[Captioned web images]
========================================================================

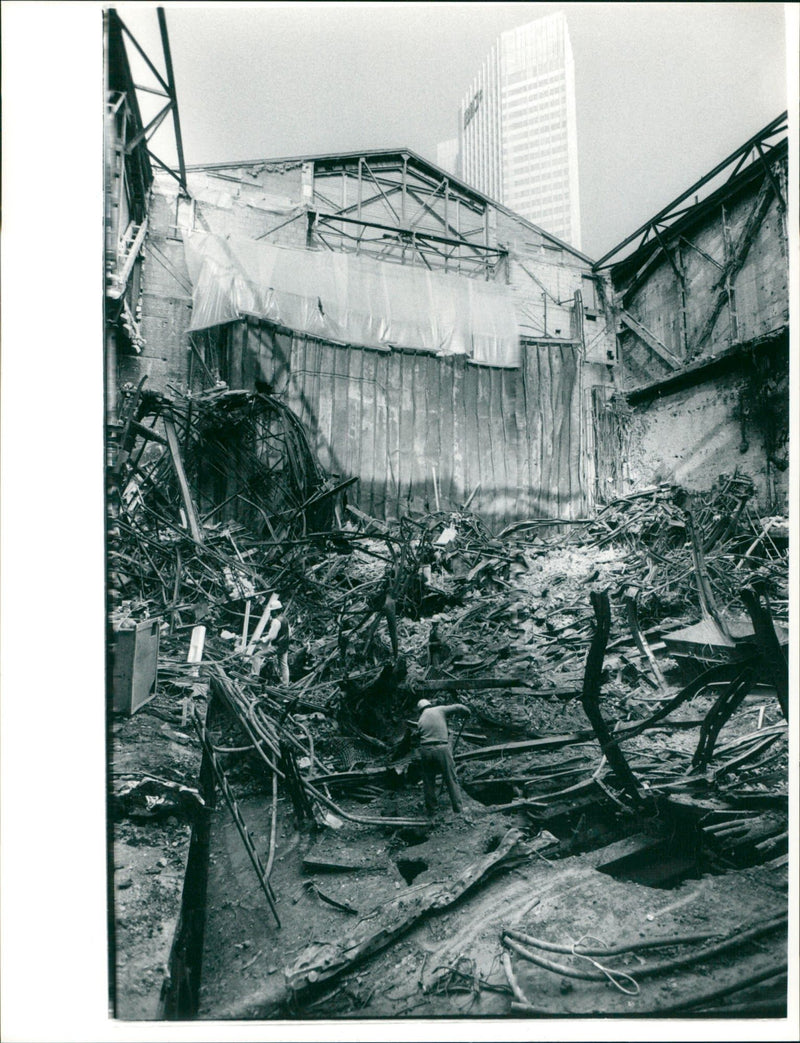 1988 URBAN ARSON MICHAEL RECONSTRUCTION APLIG JEWELRY ABE ACTING DEVO - Vintage Photograph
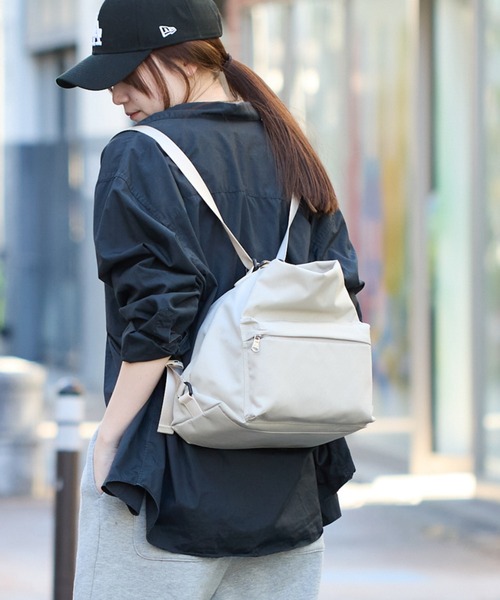 russet(ラシット)の「コーデュラナイロン2WAYリュックサック(バックパック/リュック・レディース・ブラック/グレー系その他・FREE)」の2枚目の写真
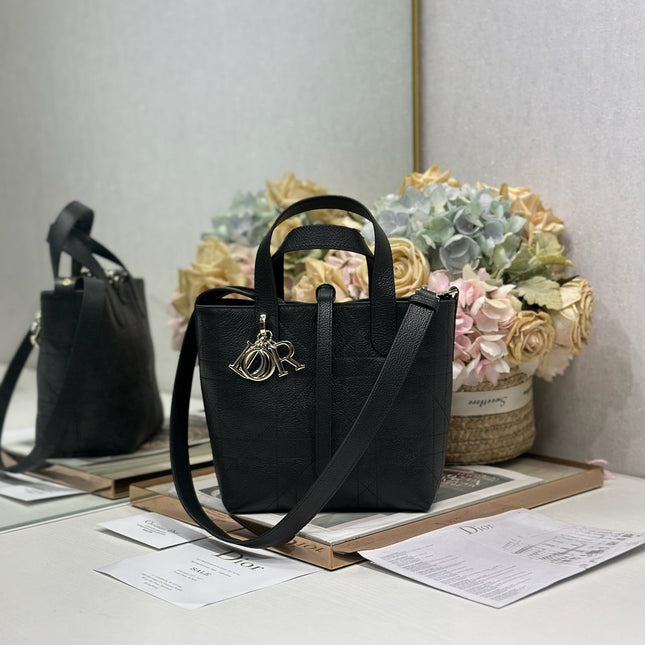 DIOR 26S TOUJOURS BAG 18 IN BLACK GRAINED CALFSKIN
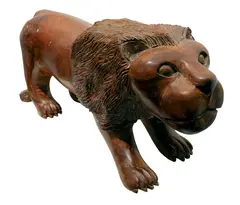 Leão (Boca da Mata) by Severino Da Marinheira, escultura em madeira, offered Nov 2020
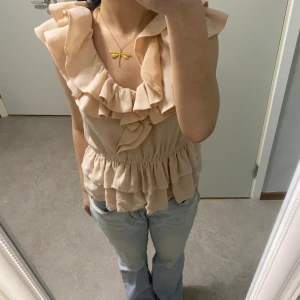 H&M Rosa blus💞 - Intressekoll på denna populära h&m rosa blus topp, toppen ser mer rosa ut än vad den gör på bilden!☺️ öppet för prisförslag och funderingar ❤️‍🔥☝️ köp gärna via ”köp nu ”❣️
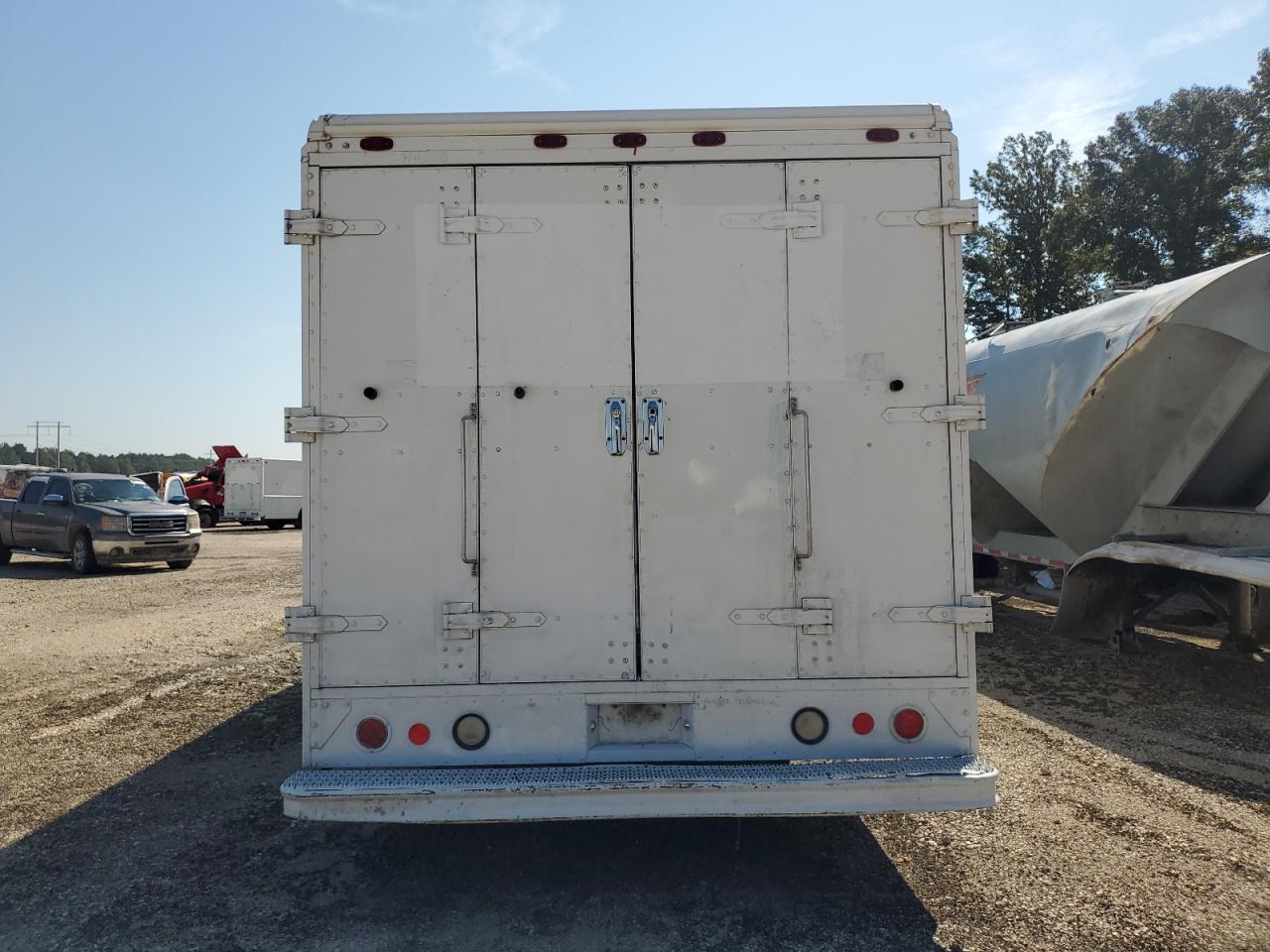 2006 Ford Econoline E450 Super Duty Commercial Str VIN: 1FCLE49L56DA72395 Lot: 68957215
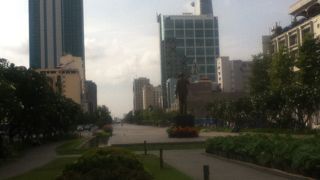 人民委員会庁舎近くに立っている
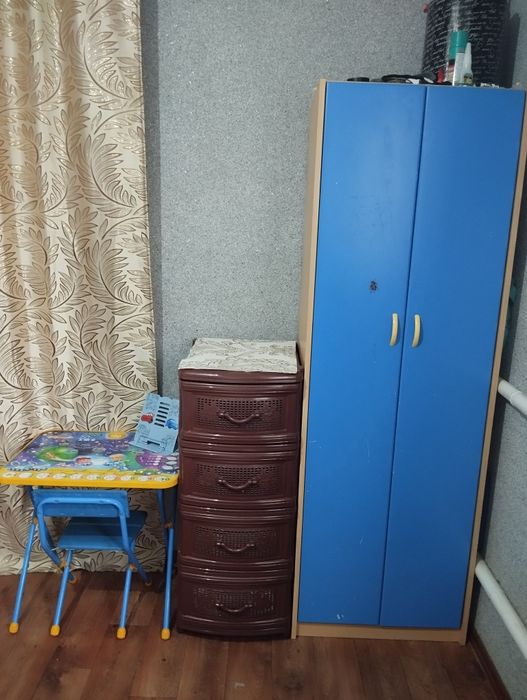 Продам детский шкаф,камод и парту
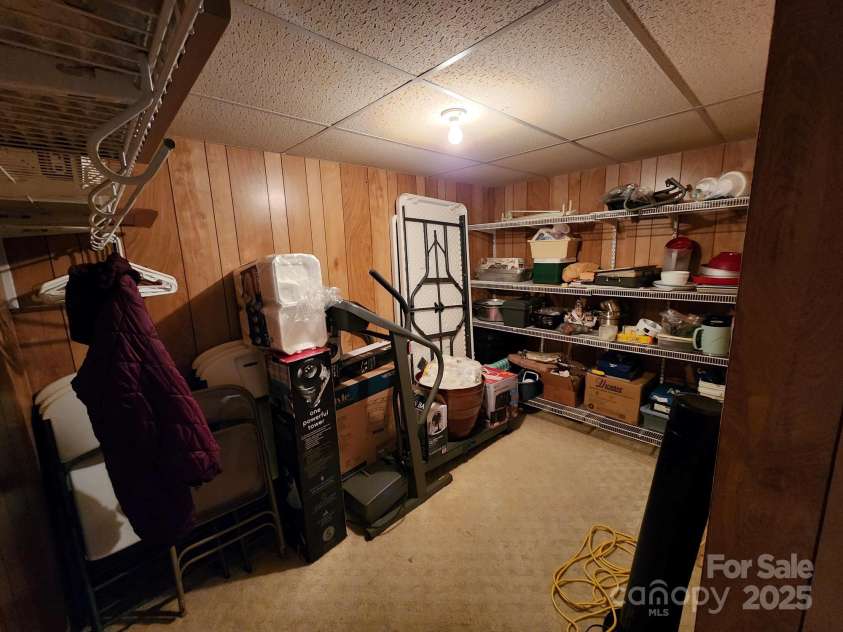 406 Caldwell Avenue, Newton, NC 28658.  MLS# CAR4248372, YatesRealty ID 20431. 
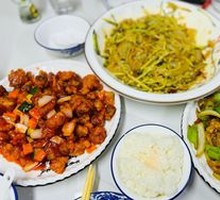 Classic Stir-Fried Three Delicacies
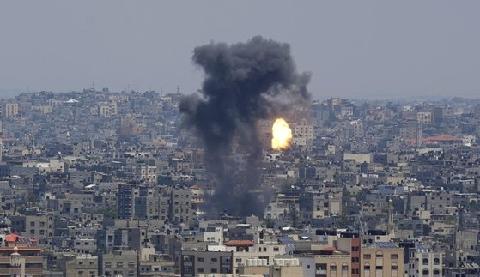 이스라엘 공습에 팔레스타인 무장단체 로켓 응사…19명 사망
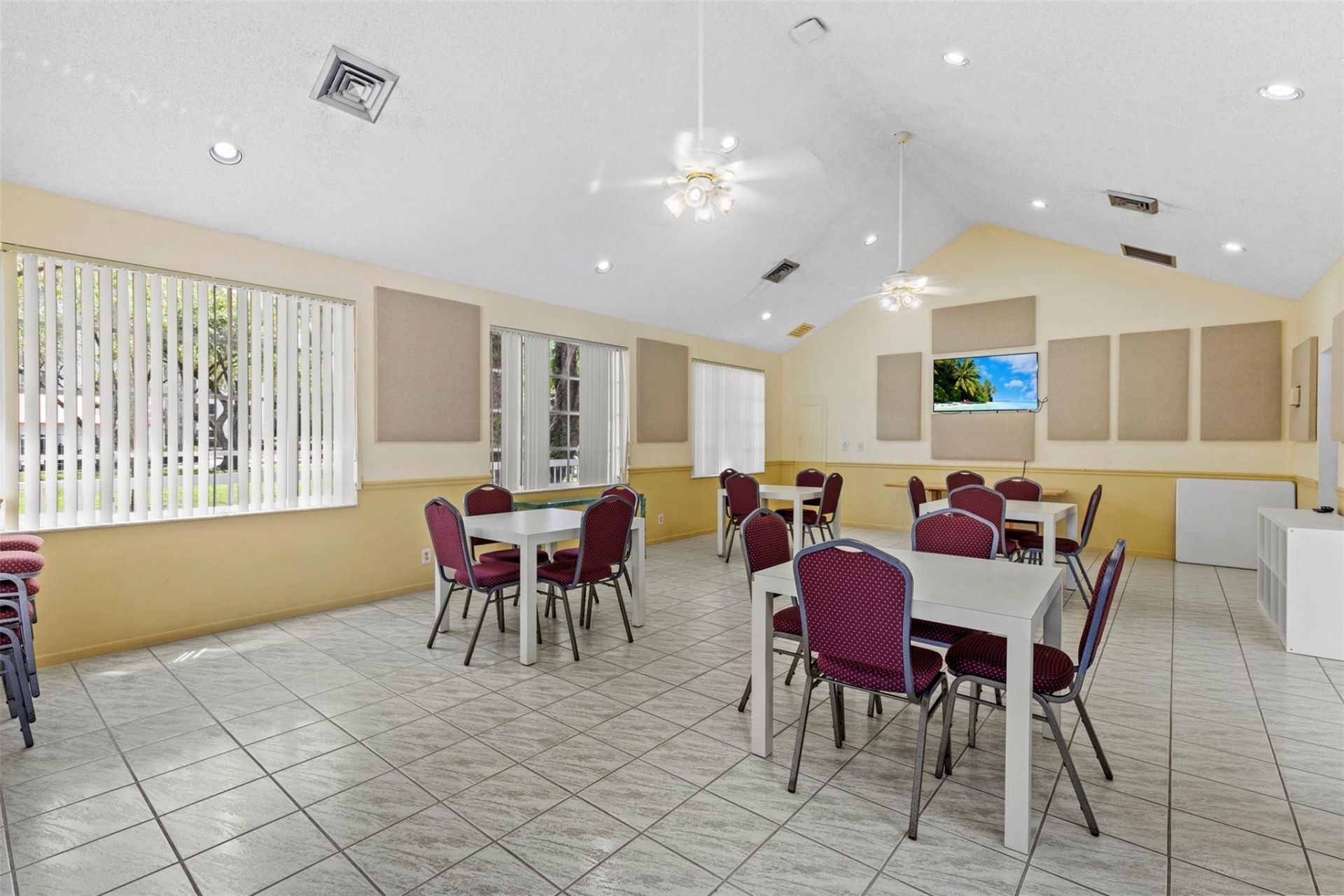 4128 W Palm Aire Drive, Unit 282A, Pompano Beach, FL 33069 Photo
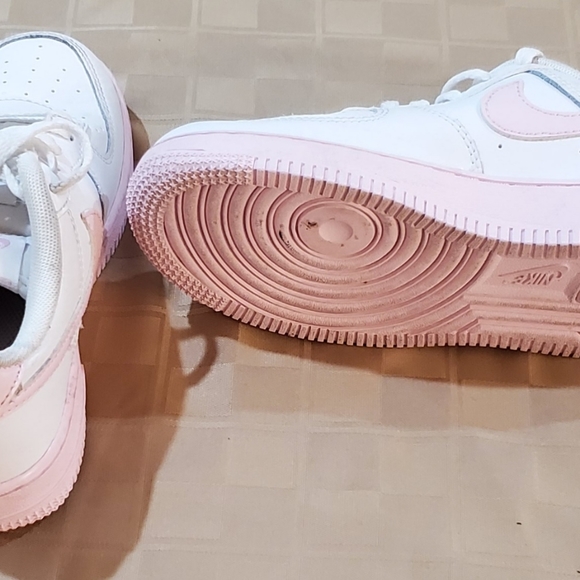 Pink Nike shoes size 1Y- already sold - Picture 6 of 6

========================================================================

▶ INSTRUCTIONS FOR THE TASK
In the records above, find the line with "2006 Ford Econoline". Print exactly from there through the line with "이스라엘 공습에 팔레스타인 무장단체 로켓 응사…19명 사망", minus the pictures.

▶ ANSWER AREA
 2006 Ford Econoline E450 Super Duty Commercial Str VIN: 1FCLE49L56DA72395 Lot: 68957215
 人民委員会庁舎近くに立っている
 Продам детский шкаф,камод и парту
 406 Caldwell Avenue, Newton, NC 28658.  MLS# CAR4248372, YatesRealty ID 20431. 
 Classic Stir-Fried Three Delicacies
 이스라엘 공습에 팔레스타인 무장단체 로켓 응사…19명 사망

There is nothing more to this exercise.